Except for New York City, more people per square block are undergoing psychotherapy in Buenos Aires than anywhere else in the world. Wags will suggest that, in fact, there is something generically wrong with them, a judgment quickly seconded by their resentful Chilean neighbors west of the Andes (where I live), who secretly suffer because they themselves are more mestizo, less sophisticated and even farther from Paris than the gorgeous and insufferable porteños from the Argentine capital. Traditionally, the Chileans’ inferiority complex would start with simple wealth: The Argentines were always sustained in their casual arrogance by the agricultural output of their vast pampas, the huge industrial belt ringing Buenos Aires, their classy and elegant urban life — in short, the consciousness of having it all.

Now, it‘s gone. Argentina, as any casual reader of the daily paper knows, is heading down the tubes at an alarming rate, even for Latin America. So far, the country’s middle class is still recognizable, its crabby insolence, both exasperating and comically disarming, intact. But the economic earthquake is threatening to produce an accompanying tectonic shift in the national psyche.

The Buenos Aires office of psychoanalyst Silvia Bleichman, a distinguished and kindly lady in her 50s, could be around the corner from Sigmund Freud‘s, a tastefully furnished apartment in a cavernous old building complete with an ancient, shuffling porter. Bleichman’s book Pain Risk makes grim fun of the measurement of the premium that banks require a country to pay to keep lending it money. Argentina‘s ”country-risk“ is now around 5,800 points, that is, prime rate plus an incredible, unprecedented 50 percent. Nigeria’s score, by comparison, is a mere 3,200.

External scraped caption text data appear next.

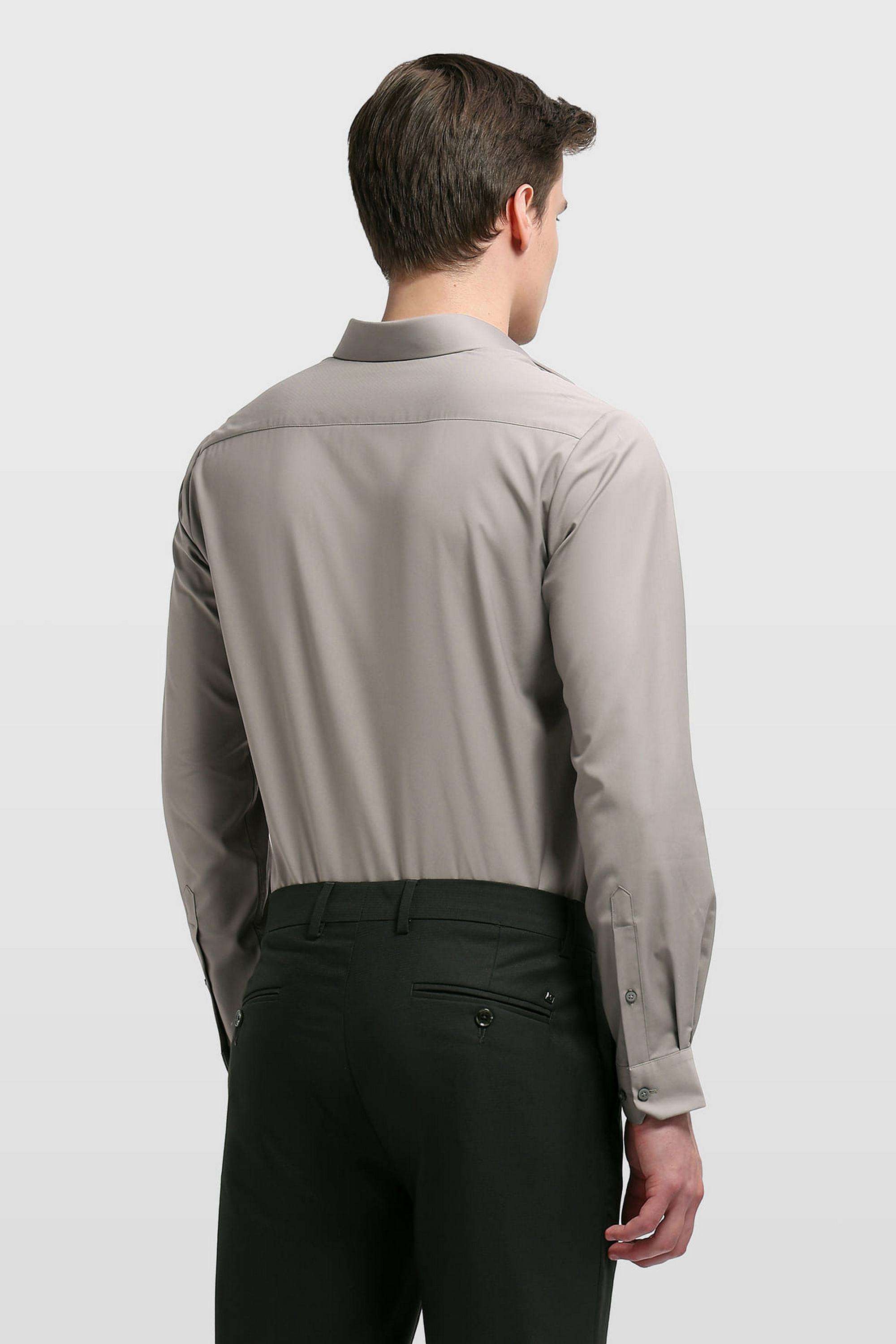 Solid-Polyester-Slim-Fit-Men-s-Formal-Wear-Shirt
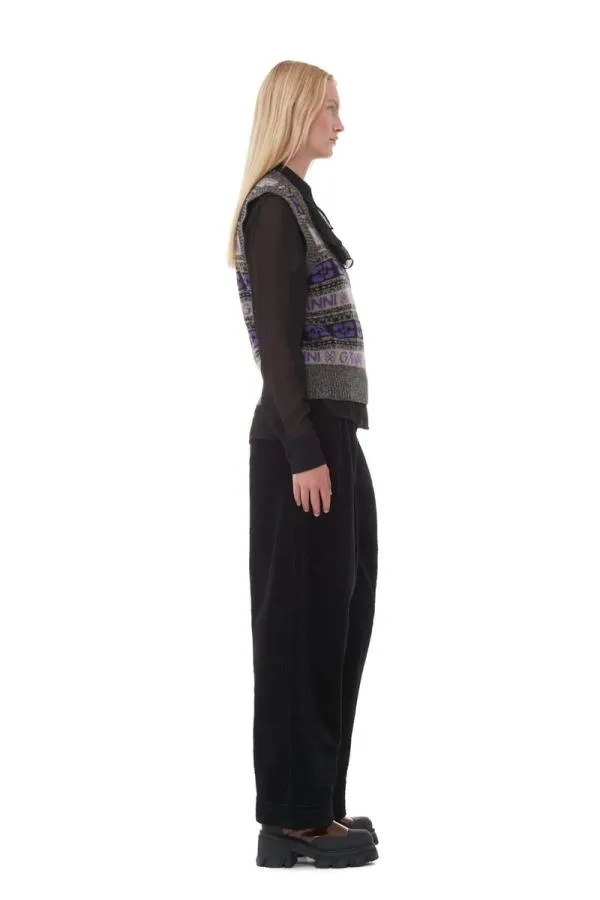 Clothing GANNI Trousers Black Corduroy Loose Pleat Trousers Black Clothing GANNI Trousers Black Corduroy Loose Pleat Trousers Black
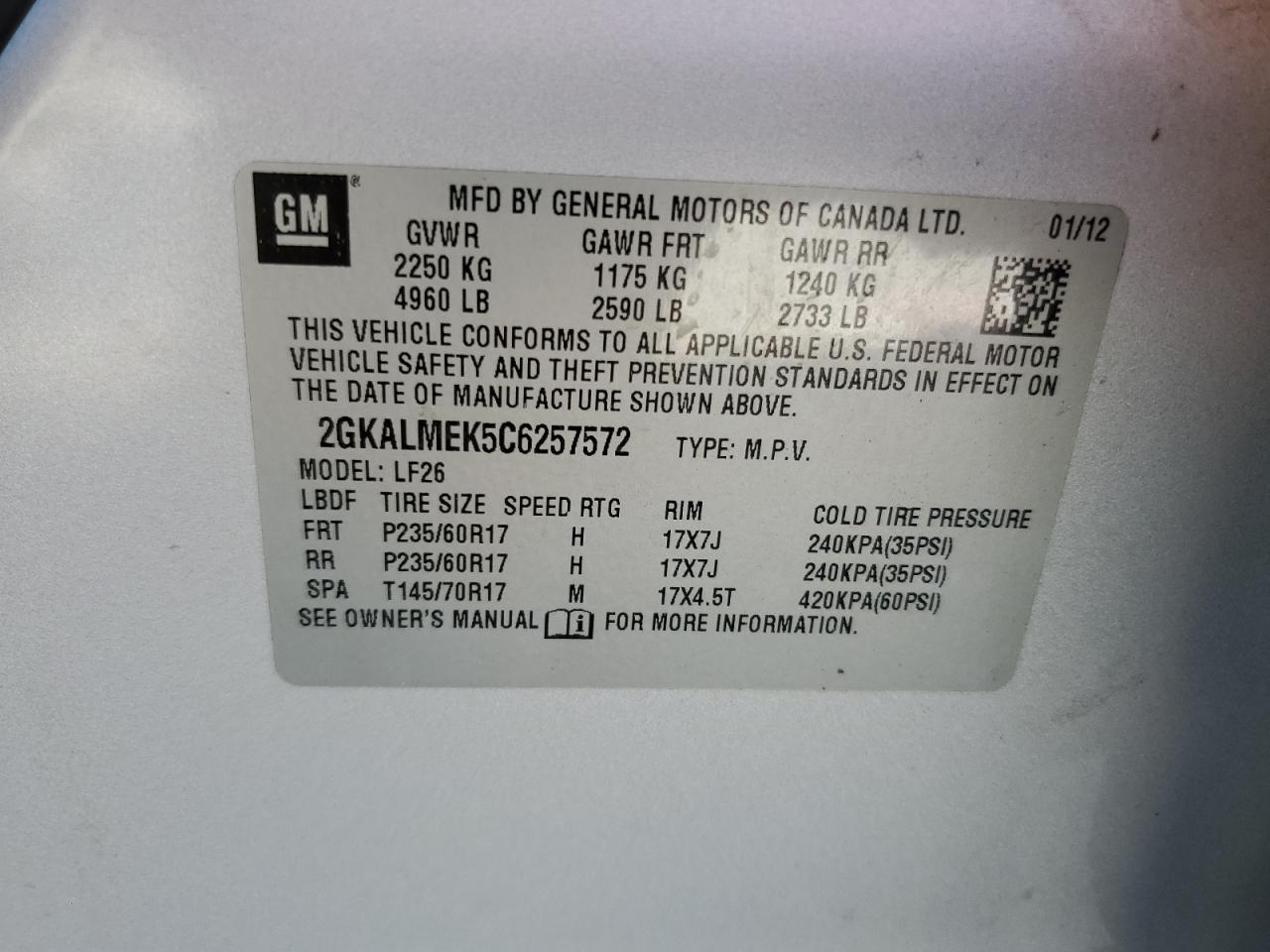 2012 GMC Terrain Sle VIN: 2GKALMEK5C6257572 Lot: 71598715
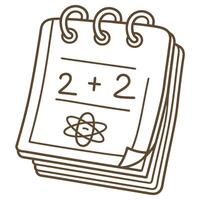 Illustrated educational calendar with mathematical design and science symbol vector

”Neurosis is the luxury of cultured peoples,“ says Bleichman, defending her compatriots‘ interest in the examined life. But now, she says, Argentine culture is in danger of being crushed. ”The future has been erased; life projects are no longer viable. We Argentines were always ready to live, to fall in love at age 70, to start afresh, get involved,“ she continues. ”Now, people are leaving the capital, heading back to the provinces to survive. There is profound anguish.“

”We’re like the Greeks after the golden age,“ she worries, ”heading for an endless decline.“

That judgment is not only an impeachment of poor leadership but a subtle indictment of what Argentines have thought and felt about themselves for many decades. After insisting that the country was at least partially immune to the domination of the North, citizens now look around Latin America and admit, between their teeth, ”We‘re no better.“ It’s a bitter pill, especially since, as Bleichman notes, ”Pauperization is worse than poverty.“

Argentina‘s economic and social meltdown is hard to grasp through mere numbers, but the Great Depression of the 1930s is the only comparable phenomenon in modern history. The country was already in a deep decline for nearly four years before the bottom fell out in 2001. In a city that prided itself on having few beggars and little urban crime, tiny girls now hover next to the ticket machines in the subway, ready to snatch the falling coins away from any commuter with slow reflexes. In the distant suburbs, chronic poverty is giving way to hunger and misery. When a truckload of livestock overturned on a highway near the northern city of Rosario, destitute villagers set upon the dazed animals and hacked them to pieces. ”No one waited to bleed the meat, so it was rubbery,“ said one contented amateur butcher. ”But we didn’t care.“

Lisandro Orlov, an innovative Lutheran pastor long engaged in reintegrating the destitute, now wonders in despair if there is any use for people like him in the country. ”Reintegrate them into what?“ he asks rhetorically. ”I feel like a fake, counseling people into job-training programs when there are no jobs.“ Not to mention his own pension fund, now essentially confiscated. ”I made a mistake,“ he admits. ”I was born Argentine.“

However, the system that is now disintegrating in earnest was hardly a model even in happier times. Just a block from Silvia Bleichman‘s elegant digs is the Argentine Foreign Ministry, where I innocently went to obtain my press credentials. Despite 20 years on this continent, I was taken aback by the sample of Argentine ineptitude displayed there. Bearing the required documents, I learned that Señora Beatriz — who handles this matter — ”is ill.“ At least six press-office employees enthusiastically described their family business and clipped the daily newspaper, while I waited to see if something else would happen. Nothing did. Not only then, but every single day for two weeks thereafter, in response to my puzzled phone calls. ”Señora Beatriz is still sick,“ I was repeatedly told, without the slightest hint of embarrassment or suspicion that this might not be universally considered a compelling reason for a total breakdown.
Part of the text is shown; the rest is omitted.